— EXERCISE INSTRUCTIONS —
Once the pictures are removed, restate the listing word for word.
===============
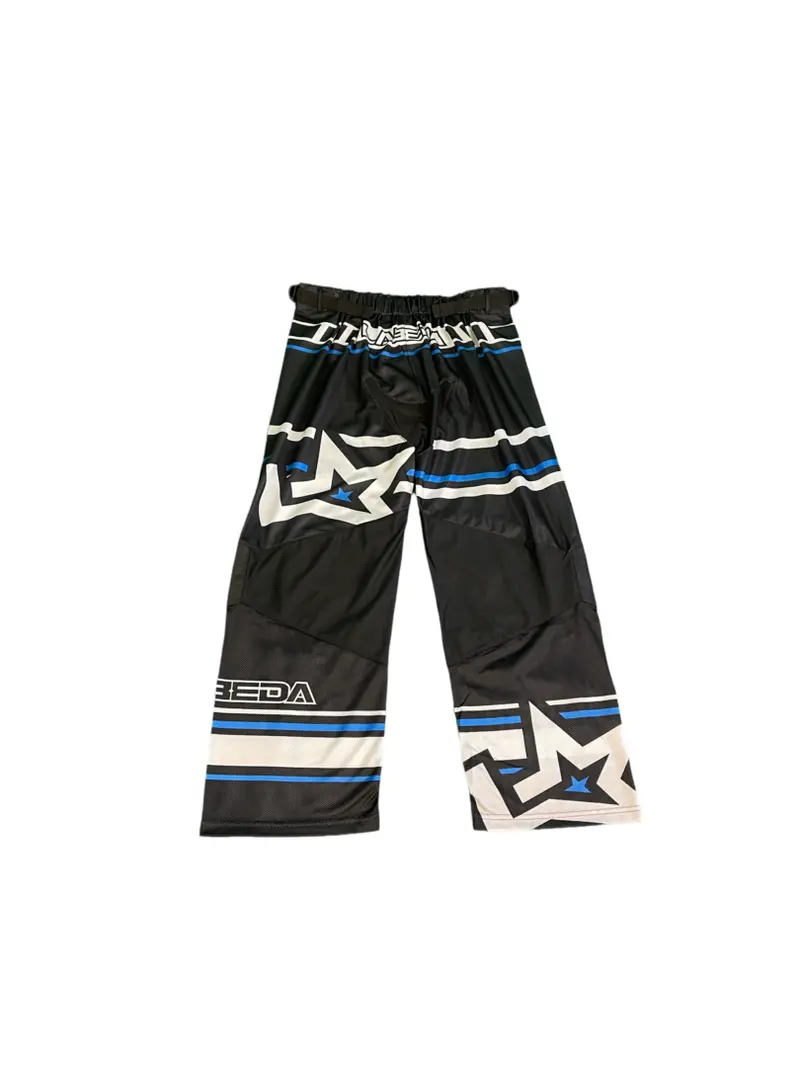 Labeda Hockey Pant Pama 7.2 Jr - Black/Blue/Stripe 1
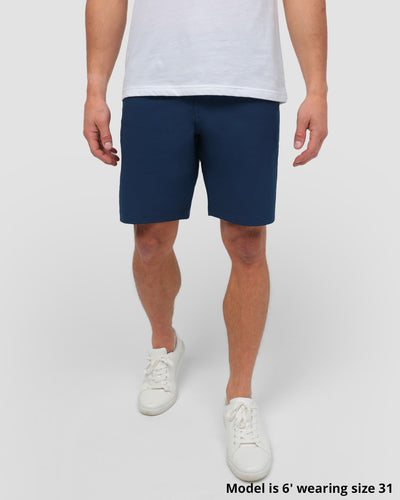 Daily Shorts-Navy-9"-Regular-Front--Alex---M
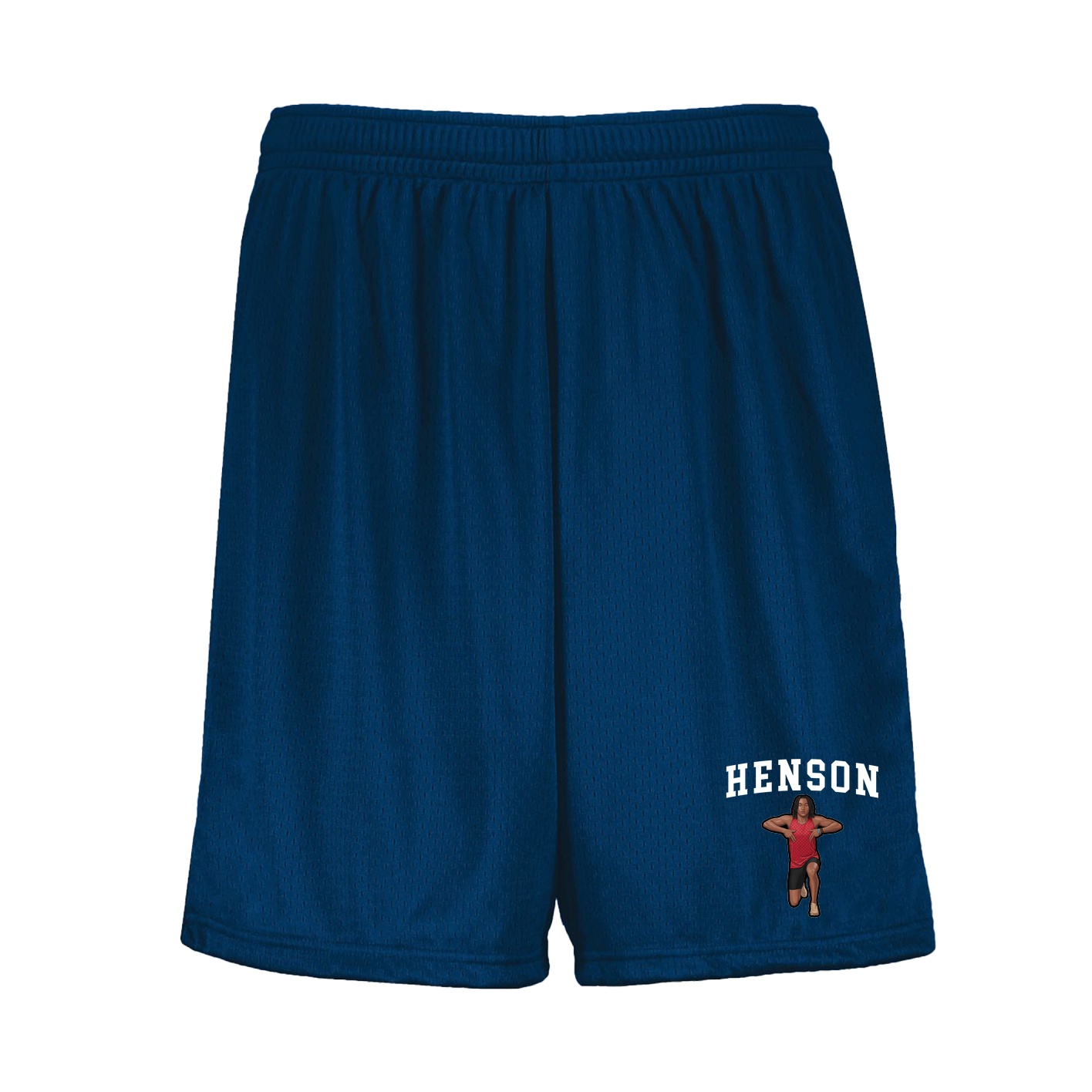 Shorts — Shirsey in Navy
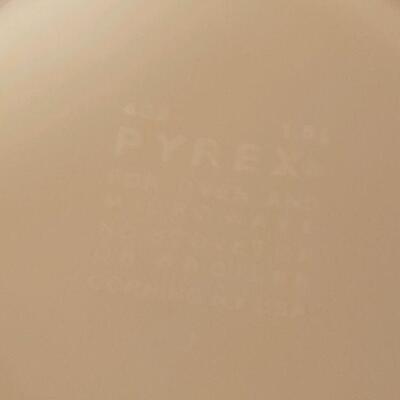 LOT #14. Vintage large Pyrex 20 yellow bowl 10 1/2â€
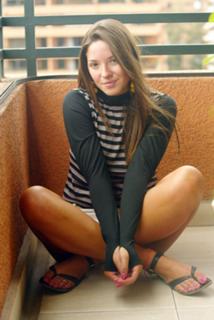 Raquel Calderon feet photo 1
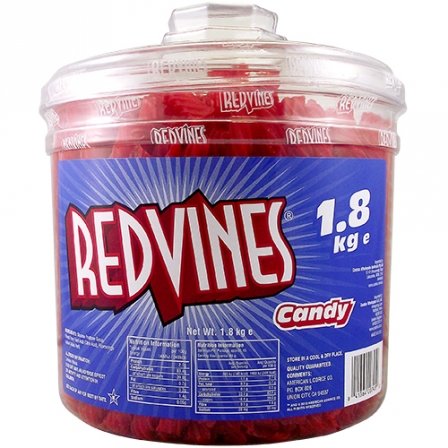 Preisvergleich Produktbild Red Vines 63.5 OZ (1.8kg)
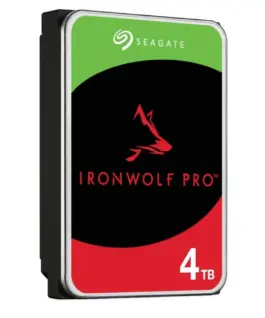 Alternative view of Хард диск SEAGATE HDD Ironwolf pro NAS (3.5/4TB/SATA/rmp 7200)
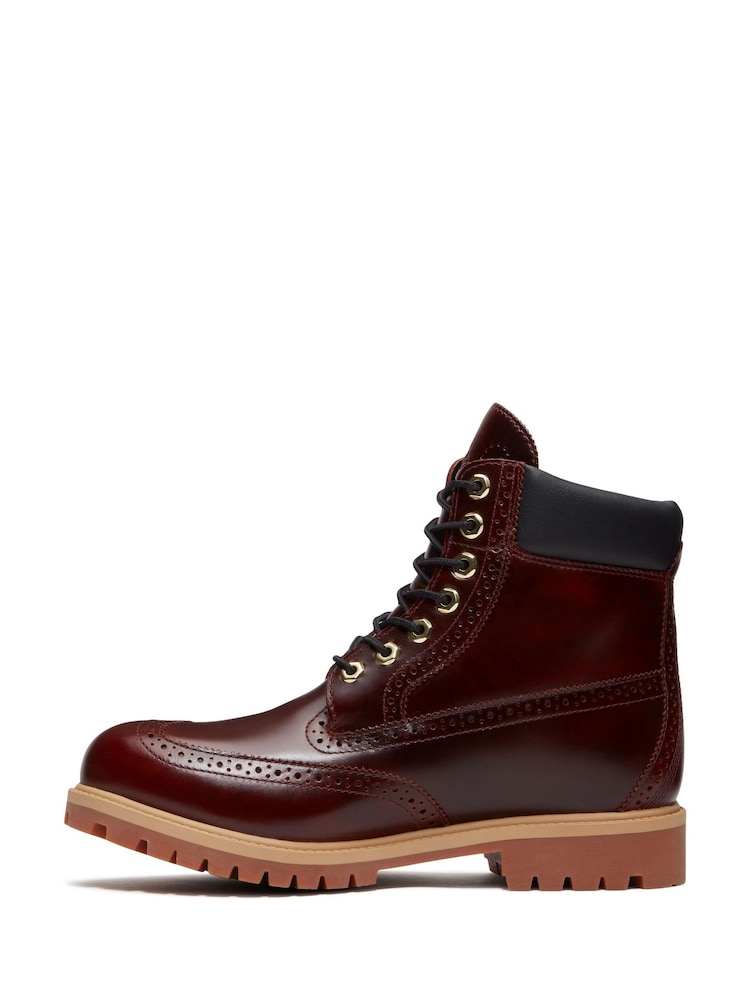 Timberland Heritage 6 Inch Lace Up Waterproof Boot - 7şəkildən 2 şəkil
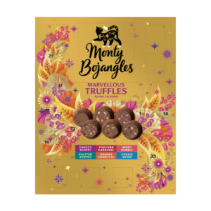 Adventní kalendář čokoládových lanýžů Monty Bojangles 235g
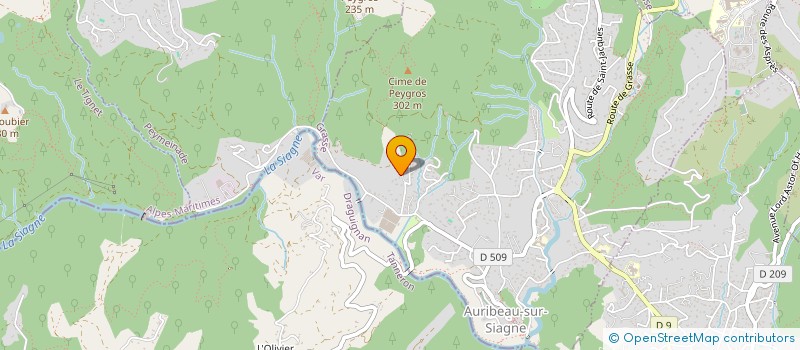 localisation de l'entreprise ENIGMAIA  AURIBEAU-SUR-SIAGNE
===============
— OUTPUT —
 Labeda Hockey Pant Pama 7.2 Jr - Black/Blue/Stripe 1
 Daily Shorts-Navy-9"-Regular-Front--Alex---M
 Shorts — Shirsey in Navy
 LOT #14. Vintage large Pyrex 20 yellow bowl 10 1/2â€
 Raquel Calderon feet photo 1
 Preisvergleich Produktbild Red Vines 63.5 OZ (1.8kg)
 Alternative view of Хард диск SEAGATE HDD Ironwolf pro NAS (3.5/4TB/SATA/rmp 7200)
 Timberland Heritage 6 Inch Lace Up Waterproof Boot - 7şəkildən 2 şəkil
 Adventní kalendář čokoládových lanýžů Monty Bojangles 235g
 localisation de l'entreprise ENIGMAIA  AURIBEAU-SUR-SIAGNE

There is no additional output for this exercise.